Progressive Massive Fibrosis - Pathogenesis and Causes

Pathogenesis and Causes

The pathogenesis of PMF is complicated, but involves two main routes - an immunological route, and a mechanical route.

Immunologically, disease is caused primarily through the activity of lung macrophages, which phagocytose dust particles after their deposition. These macrophages seek to eliminate the dust particle through either the mucociliary mechanism, or through lymphatic vessels which drain the lungs. Macrophages also produce an inflammatory mediator known as interleukin-1 (IL-1), which is part of the immune systems first line defenses against infecting particles.
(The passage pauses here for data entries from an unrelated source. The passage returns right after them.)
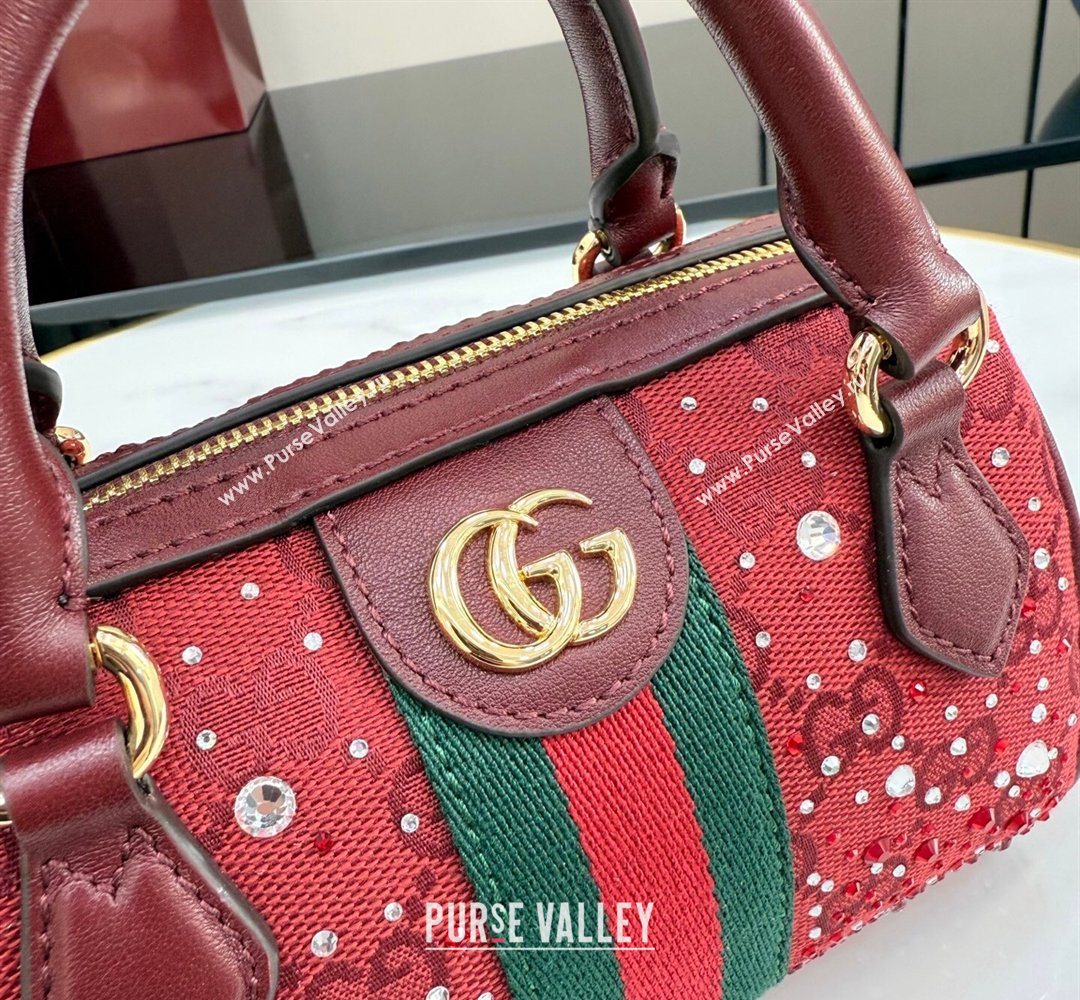 Gucci Ophidia Crystals GG Canvas Super Mini bag Ancora Red 2026 781490 (XLU-260206086)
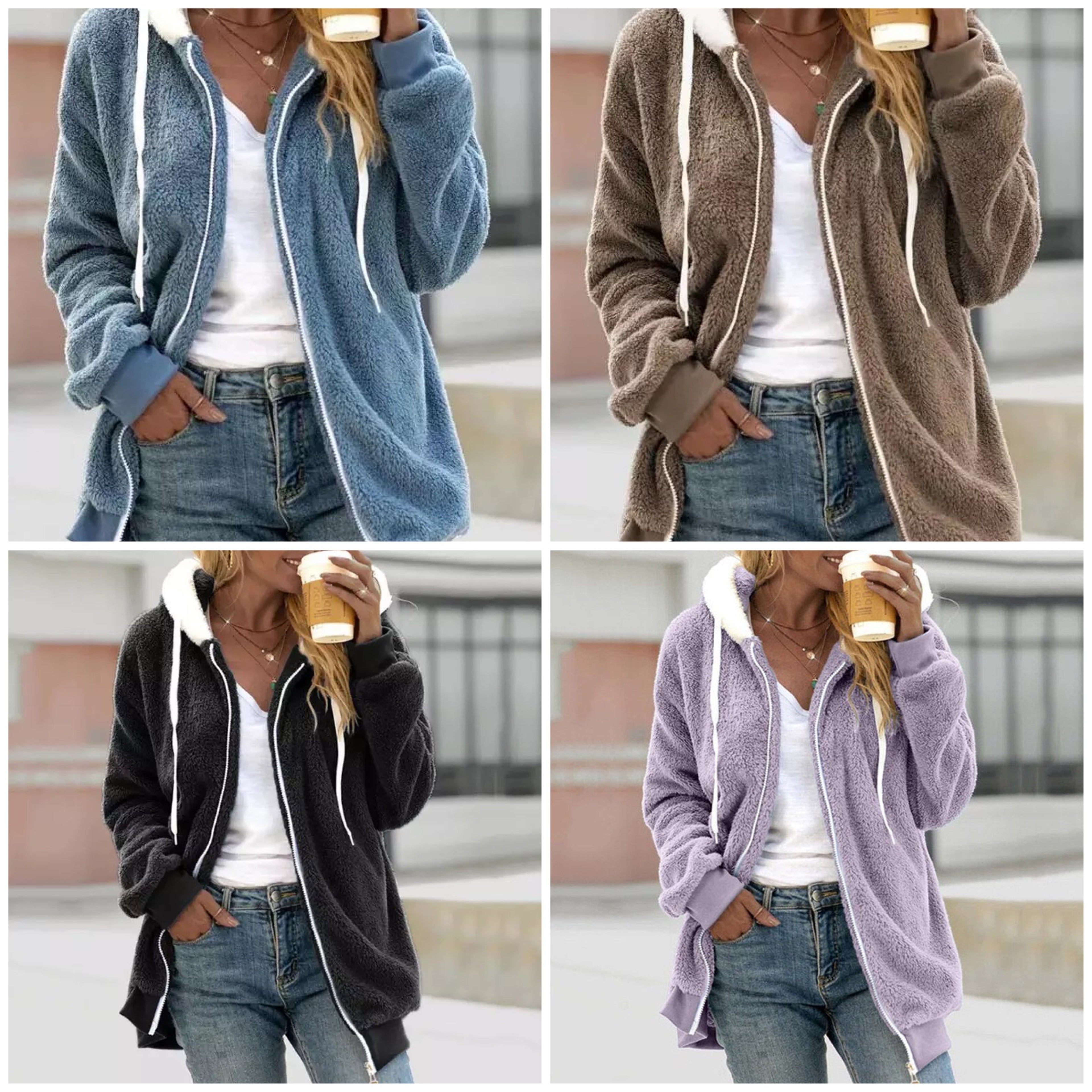 Femme portant un sweat à capuche en polaire, disponible en bleu, marron, noir et violet, avec un t-shirt blanc et un jean, tenant un café.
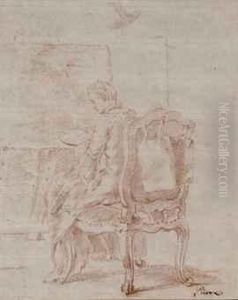 Une Femme Assise A Son Bureau Peignant Un Paysage, Dite'l'artiste' by Jean-Baptiste-Marie Pierre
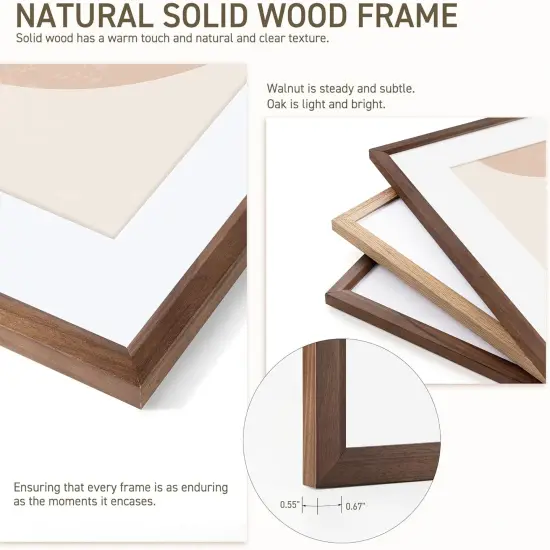 8x10 Picture Frame Set of 4 Natural Solid Walnut Photo Frames with 5x7 Removable Mat {4}
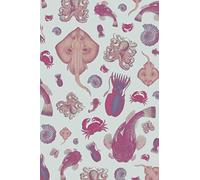 Vintage Sea Life Animals Pink And Blue Journal: Ocean Pattern With Squid, Manta Ray, Crabs, Shells And Octopus Journal Notebook to write in 6x9" 150 Lined Pages
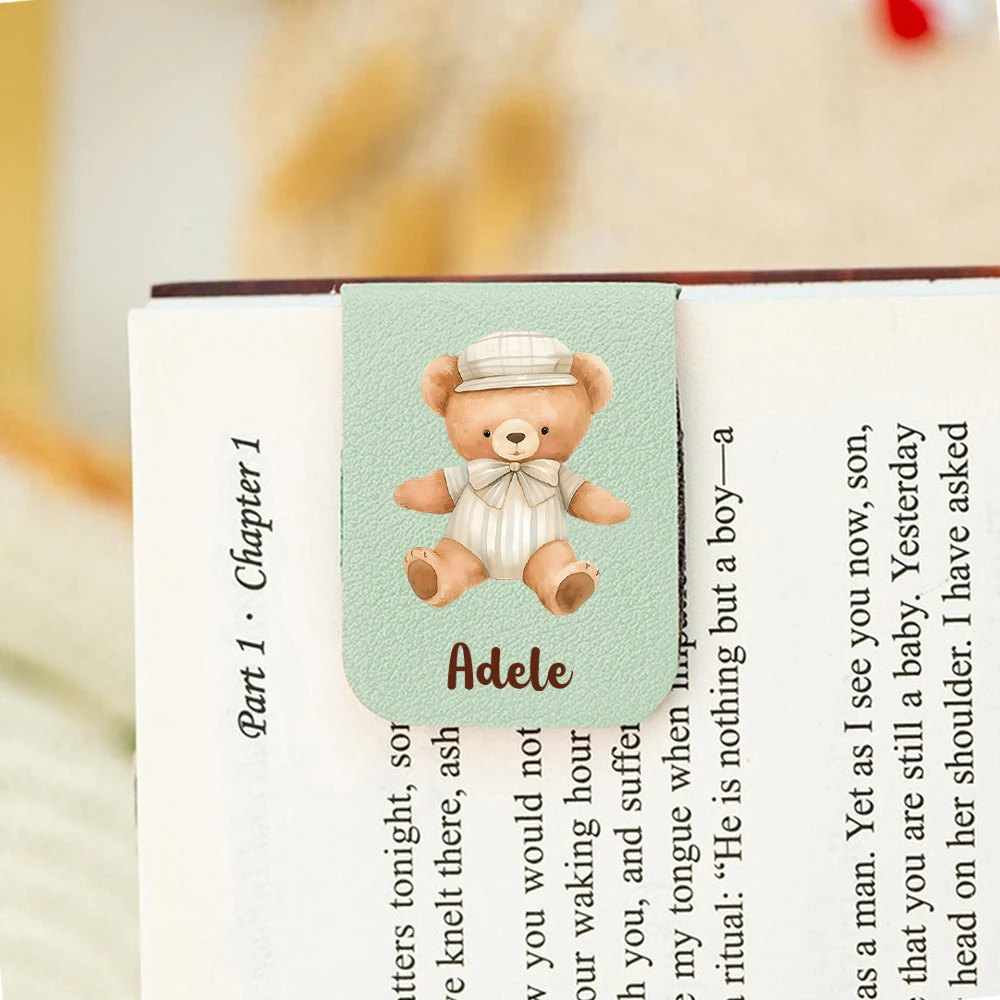1PC Diy Little bear Customized Name Print Softpink Magnetic Book Mark For Educational Supplies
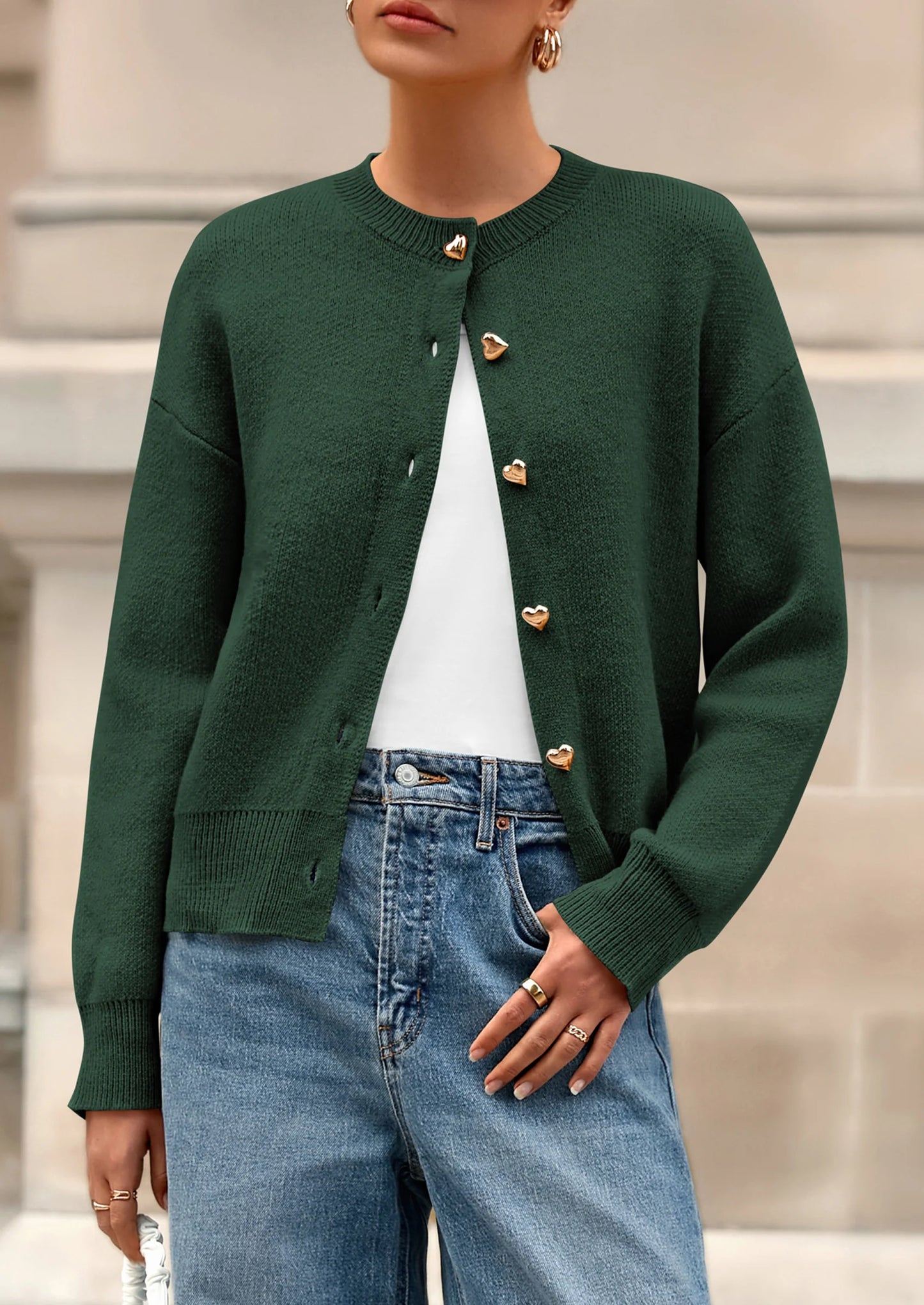 Cardigan Sweaters for Women Trendy Long Sleeve Open Front Button Down Jacket Fall Clothes Winter Coats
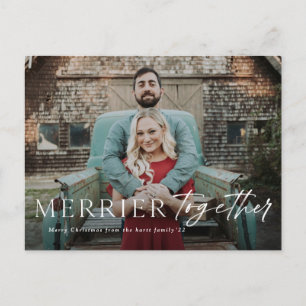 Cartes Pour Fêtes Annuelles Merrier ensemble saignée pleine photo Joyeux Noël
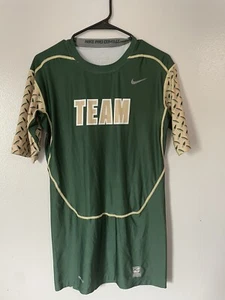 Boys Nike Dry Fit Shirt Sports Top Green & Gold Size XL T-shirt Pro Combat - Picture 1 of 7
IL-1 is responsible for 'activation' of local vasculature, causing endothelial cells to express certain cell adhesion molecules, which help the cells of the bodies immune system to migrate into tissues. Macrophages exposed to dust have been shown to have markedly decreased chemotaxis. Production of inflammatory mediators - and the tissue damage that ensues as an effect of this, as well as reduced motility of cells, is fundamental to the pathogenesis of pneumoconiosis and the accompanying inflammation, fibrosis, and emphysema.

There are also some mechanical factors involved in the pathogenesis of Complex Pneumoconiosis that should be considered. The most notable indications are the fact that the disease tends to develop in the upper lobe of the lung - especially on the right, and its common occurrence in taller individuals.